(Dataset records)
◆ ◆ ◆

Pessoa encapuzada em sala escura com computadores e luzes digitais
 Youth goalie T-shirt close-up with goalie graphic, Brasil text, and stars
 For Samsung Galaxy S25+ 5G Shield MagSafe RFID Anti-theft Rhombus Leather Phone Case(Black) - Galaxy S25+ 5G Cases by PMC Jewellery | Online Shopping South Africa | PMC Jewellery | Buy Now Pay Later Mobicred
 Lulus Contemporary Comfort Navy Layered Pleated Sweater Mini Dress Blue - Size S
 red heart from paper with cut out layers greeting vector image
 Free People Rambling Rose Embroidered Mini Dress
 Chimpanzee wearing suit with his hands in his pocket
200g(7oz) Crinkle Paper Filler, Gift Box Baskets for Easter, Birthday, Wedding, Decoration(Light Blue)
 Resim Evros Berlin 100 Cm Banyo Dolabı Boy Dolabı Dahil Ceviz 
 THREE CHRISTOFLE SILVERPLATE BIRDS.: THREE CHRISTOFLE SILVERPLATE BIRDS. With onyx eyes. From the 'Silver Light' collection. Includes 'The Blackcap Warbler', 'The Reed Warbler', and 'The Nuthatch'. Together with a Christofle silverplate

◆ ◆ ◆

### TASK TO CARRY OUT
Once the records are read, print each of them exactly as written.

### ANSWER
Pessoa encapuzada em sala escura com computadores e luzes digitais
 Youth goalie T-shirt close-up with goalie graphic, Brasil text, and stars
 For Samsung Galaxy S25+ 5G Shield MagSafe RFID Anti-theft Rhombus Leather Phone Case(Black) - Galaxy S25+ 5G Cases by PMC Jewellery | Online Shopping South Africa | PMC Jewellery | Buy Now Pay Later Mobicred
 Lulus Contemporary Comfort Navy Layered Pleated Sweater Mini Dress Blue - Size S
 red heart from paper with cut out layers greeting vector image
 Free People Rambling Rose Embroidered Mini Dress
 Chimpanzee wearing suit with his hands in his pocket
200g(7oz) Crinkle Paper Filler, Gift Box Baskets for Easter, Birthday, Wedding, Decoration(Light Blue)
 Resim Evros Berlin 100 Cm Banyo Dolabı Boy Dolabı Dahil Ceviz 
 THREE CHRISTOFLE SILVERPLATE BIRDS.: THREE CHRISTOFLE SILVERPLATE BIRDS. With onyx eyes. From the 'Silver Light' collection. Includes 'The Blackcap Warbler', 'The Reed Warbler', and 'The Nuthatch'. Together with a Christofle silverplate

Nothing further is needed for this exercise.